If you are willing to put the time in still to implement this change, understanding that it could be hard, that I still have to consider the speed impact, and that I might not be the most responsive, please feel free to re-submit. I can't re-open because the branch was force pushed. I would maybe focus on points 1 and 2 first and maybe 3 and see what the speed impact is like.
Ok. When I get some time I will look into those changes.
I much prefer to stay in-line so that I get fixes and updates (I really liked gP for first-parent - I used that a lot in a previous git GUI), even if it means adding a whole new plugin to override some function. I think this is also an option, regardless of points 1, 2 and 3 - but point 4 is only possible if I integrate into flog, and it would guarantee me stability in future
I'm sorry for hurting your feelings; but you were correctly reading that I find it obtuse to close PRs so quickly with a comment saying you were 'taking this down', because I took it to imply the PR was categorically rejected. I'm glad to hear that my understanding was incorrect. I hope you don't feel pushed to respond quickly to anything - that was never my intent as I have no problem at all waiting weeks for replies. Even though we sometimes get a little emotional over our pet projects, let us remember this is all just the digital world; personal life comes first. With that in mind, I will be praying for your good health.
Keeping in mind personal health is important, I don't believe my mental health would survive all of my decisions on my open source projects being characterized so strongly as to be called graceless or obtuse. In this case, saying you disagree with a decision and offering alternatives is enough to respond to the disagreement with without characterizing it so strongly, and it absolutely was not required for a response you wanted to hear. In fact, it made it hard to respond impartially. I reserve the right to temporarily suspend anyone for similar behaviour on my open source projects, not just towards me, but towards anyone, yourself included. I'm sorry if my original decision made you feel strongly, but I never strongly characterized your changes one way or another, and I won't even venture to think of what I might have said. I'm not sure this is what happened, but if you do feel that closing an issue or PR is an overreaction please remember it's not personal, for example it is not meant as a personal attack or an insult or a strong characterization of your submission even when it's mistakenly done in haste. Sorry if this seems sensitive but this is just the type of open source project I would like to run. I hope that makes sense.

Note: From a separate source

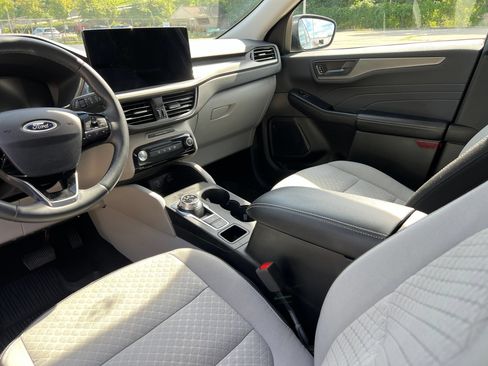 Used 2023 Ford Escape Active w/ Tech Pack #1 AWD/4WD image 22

Sure, it makes sense. Sorry again.
As you know, I like to use ┌ ├ └ for the commits in the style of a certain git-forest fork, because it gives me lines to follow visually. With flog v1 this works:
Plug 'rbong/vim-flog', { 'branch': 'v1' } Plug 'TamaMcGlinn/flog-forest', { 'branch': 'v1' }
Also, I really like your change where disconnected commits get a blank line. It should also allow me to paragraph-jump with <shift-]> but for some reason this does not work. I also tried and failed to find the source of the single space on that line, as I have a global setting somewhere I cannot find that visualizes that as a little grey dot.
And if commits are disconnected on both sides, I use the circle you have currently in v2:
Now, performance-wise, I have added a map that has each commit in it, and looking up in that map once for every line. I think the effect is negligible, but will see if I can measure that with a few large repo's and let you know.